第27話

「ああーっ、ヤッバ」

 校門を出たところで赤川が叫んだ。

 一緒に歩いていた慎二が立ち止まり、どうせたいしたことではないと思ったが、少なくとも友達ならば心配しているフリをしなければならないと考えた。

「どうした、クラスの女子たちの名前でもド忘れしたか」

「オレにかぎって、そんなことはなかろう」

 胸を張る赤川を見て、ある意味頼もしいやつだなと慎二は思う。

「じゃあ、またブサイクになったとか」

「慎二、縁起でもないこと言うなよ。あの時の絶望感はハンパなかったんだから」

 赤川は雄別夕子のサイキックにより、イケメンからブサメンへ変身させられたことがあった。とばっちりのような被害であり、慎二や同じく姿を変えられた雪子と共同で、変身サイキックを捕獲する作戦を立てて実行した。紆余曲折の末、ようやく元の姿に戻ることができたが、その時の経験がトラウマとなっているようだ。表情が一気に暗くなった。

「わるいわるい。それで、どうしたんだ」 

「体育館の用具室に、生徒会の資料を忘れてしまったよ」 

「なんで用具室なんかに」

「体育の授業の前に顧問から渡されてさ。教室に戻るのが面倒くさかったから持って行ったんだ」

「盗むやつもいないから、明日でいいんじゃないか」

「いや、とってくるわ。失くしたらどやされるからな」

「じゃあ、一緒に行くよ」

 当然、友人である慎二も同行するし、そうであろうことは赤川も知っていた。振り返った二人が学校に向かって歩き出そうとした時だった。

「あ、ちょっと待ってくれ、ケイタイが」

 赤川のケイタイが震える。画面を見るやいなや即座に耳にあてた。彼自身はほとんど話さず、苦笑いをしながらうんうんと返事をしていた。その様子をチラ見していた慎二は、詳細を訊かずとも内容をなんとなく想像できた。

「クラスの女子からか」

「ああ、広末だ。島田と前橋とマックにいるから来いってさ」

 広末と島田と前橋は、教室で慎二に突っかかってきた女子三人組である。

「じゃあ行ったほうがいいな。資料はとってきてやるよ」

 慎二がらみで険悪になりそうな雰囲気をなだめたのはいいが、どうやら女子たちは赤川に貸しをつくったと思っているようだ。 

「悪いな。こんどバーガークイーンをおごるから」

「マックでいいよ。本来は俺がおごらなきゃならん立場だし」

 必ずハンバーガーをおごると約束して赤川は走り出し、慎二はやや肩を丸めながら学校へと歩き出した。   

「うう、さぶい。マズいな、風邪をひいたか」

 五分ほど進んだ慎二は悪寒が走っていることに気づいた。資料を回収して家に帰ったら、すぐに風邪薬を飲もうと決心する。
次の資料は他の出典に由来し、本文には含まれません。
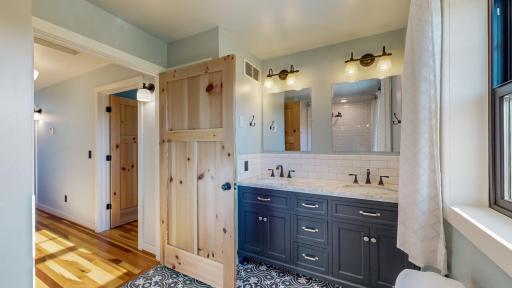 23230 Hickory Road, Lanesboro, MN 55949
 学校に着いて校門を通るときには、寒さだけではなくてダルさまで追加されていた。多少の熱っぽさもあり、これは本格的に風邪をこじらせてしまったと確信する。

 当然ながら、放課後の校内は人がまばらだ。部活の生徒以外は帰宅しているし、部活をしている者たちもテスト期間が迫っているので早仕舞いとなっていた。夕暮れが迫っている。閑散とした校内に冷えた空気が凝固し始めていた。

「さっぶ」

 背筋を走る悪寒に責め立てられながら校内に入った慎二は、体育館へと向かった。用具室から資料の入ったクリアファイルをとったら、校務員室へ立ち寄って温かいお茶でも馳走になろうかと考えていた。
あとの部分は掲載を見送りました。